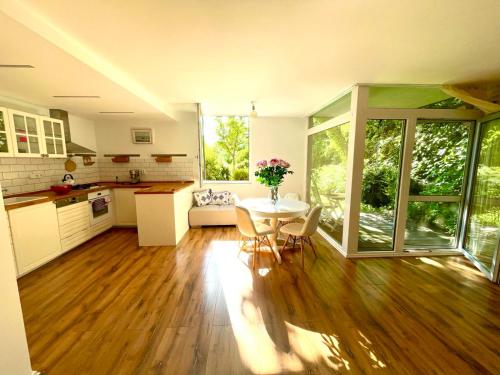 70m2 Romantic Living in the Old Town with Garden, Bratislava (Foto 3)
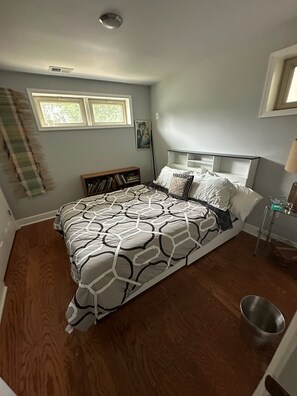 Iron/ironing board, Internet, bed sheets - 2-bedroom house in nice Annapolis with cool AC breeze (Annapolis)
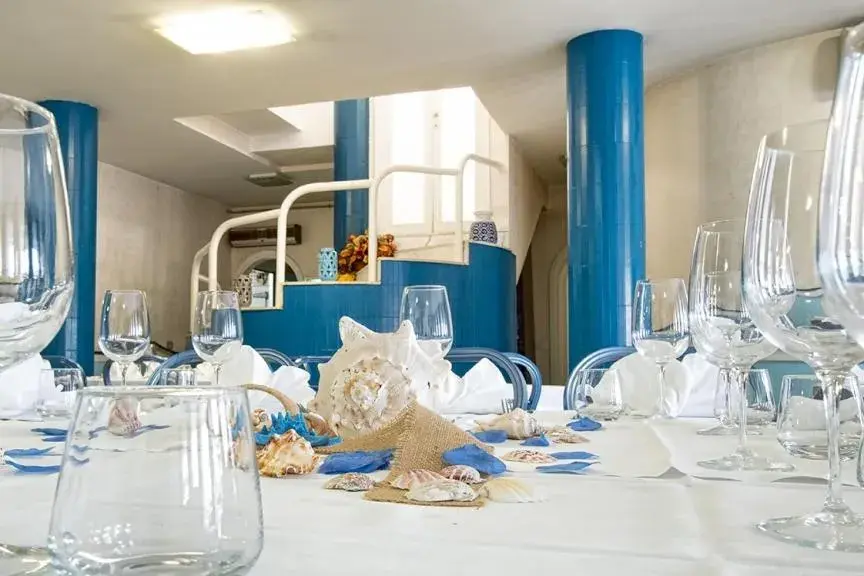 Restaurant/places to eat in Hotel Scacciapensieri Restaurant/places to eat in Hotel Scacciapensieri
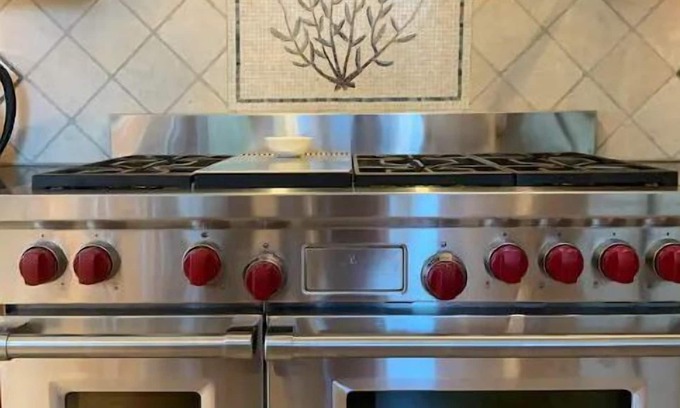 Kerhonkson House | Lux Retreat in Rustic Elegance & Comfort-Chem Free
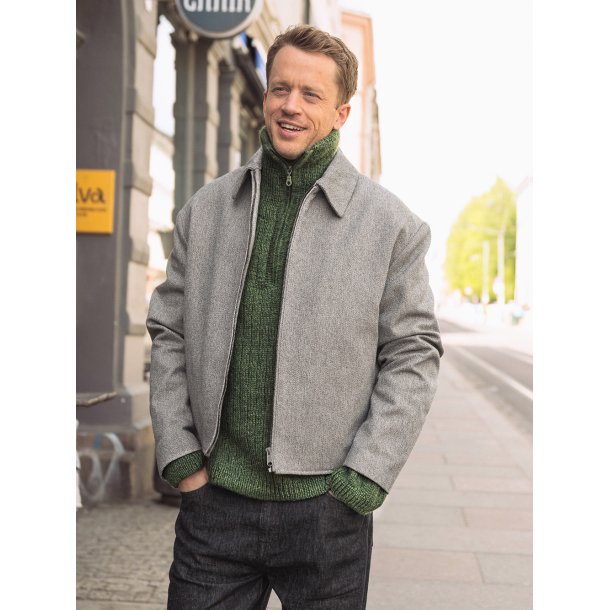 Tarjei Sweater Nr. 25_04  - Strikkeopskrift fra Sandnes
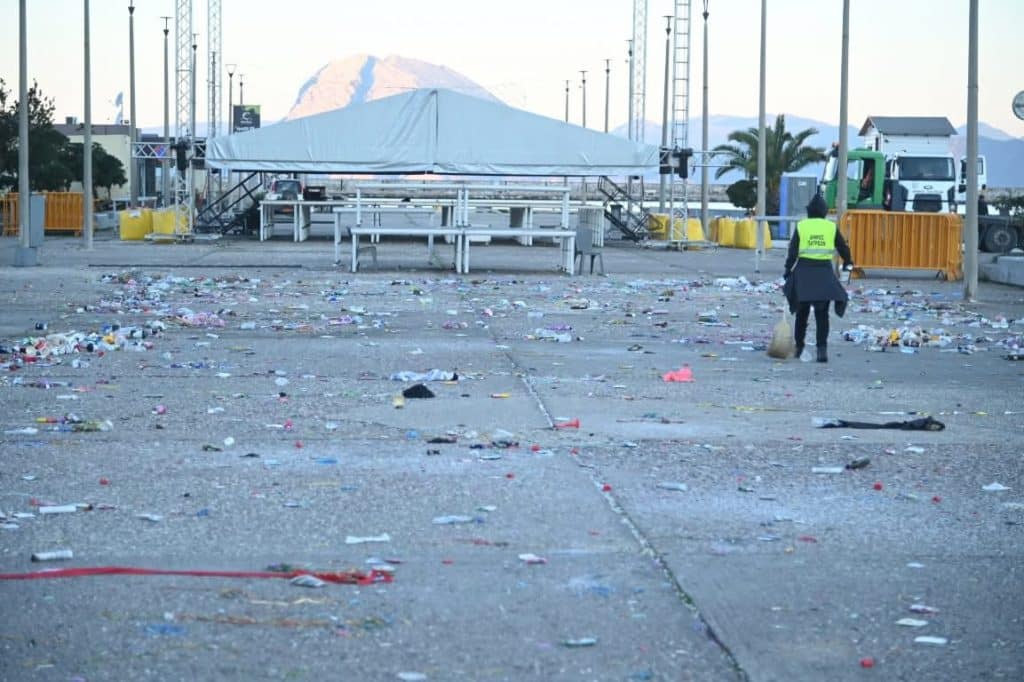 Πάτρα: Το μήνυμα και οι φωτογραφίες του Κώστα Πελετίδη για την καθαριότητα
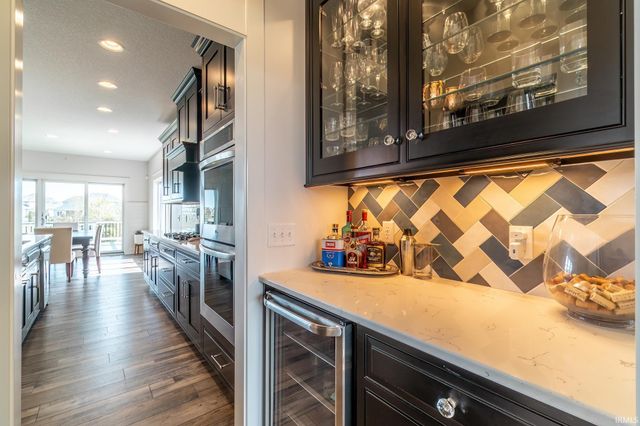 3095 Laurel Springs Drive, Fort Wayne, IN 46814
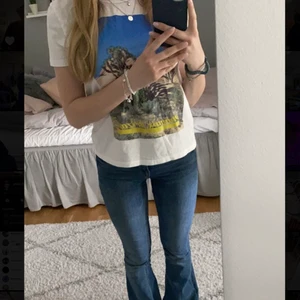 T-shirt - Fin tröja från zara storlek S💕💕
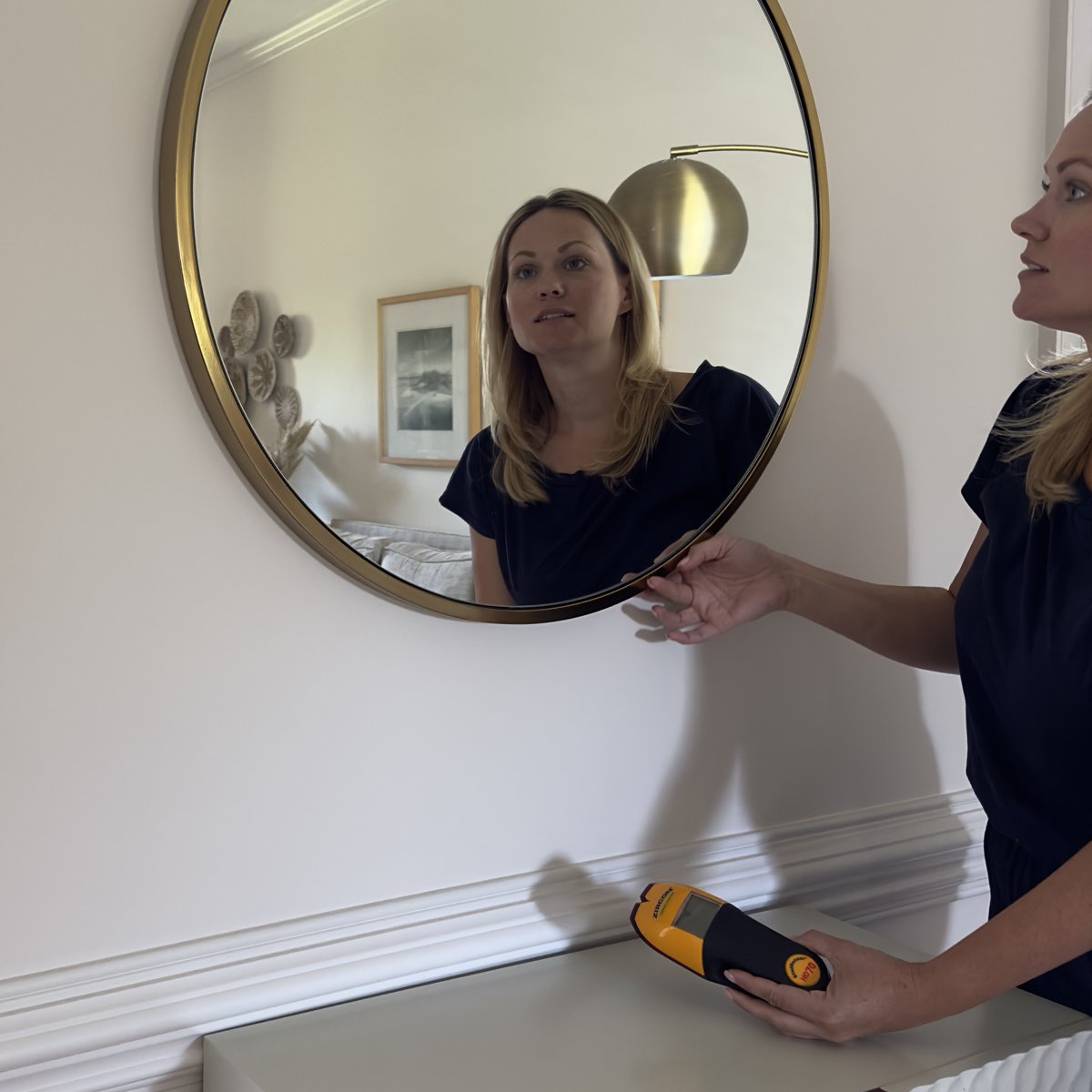 When you know where to drill, hanging projects is a lot easier. The StudSensor™ HD70 stud finder indicates the center and edges of studs and alerts the presence of live electrical wires behind the wall. Work smarter, not harder! Pick one up @homedepot today!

** Exercise description **
Please repeat each line above exactly as it appears, but omit the pictures.

** Written solution **
 70m2 Romantic Living in the Old Town with Garden, Bratislava (Foto 3)
 Iron/ironing board, Internet, bed sheets - 2-bedroom house in nice Annapolis with cool AC breeze (Annapolis)
 Restaurant/places to eat in Hotel Scacciapensieri Restaurant/places to eat in Hotel Scacciapensieri
 Kerhonkson House | Lux Retreat in Rustic Elegance & Comfort-Chem Free
 Tarjei Sweater Nr. 25_04  - Strikkeopskrift fra Sandnes
 Πάτρα: Το μήνυμα και οι φωτογραφίες του Κώστα Πελετίδη για την καθαριότητα
 3095 Laurel Springs Drive, Fort Wayne, IN 46814
 T-shirt - Fin tröja från zara storlek S💕💕
 When you know where to drill, hanging projects is a lot easier. The StudSensor™ HD70 stud finder indicates the center and edges of studs and alerts the presence of live electrical wires behind the wall. Work smarter, not harder! Pick one up @homedepot today!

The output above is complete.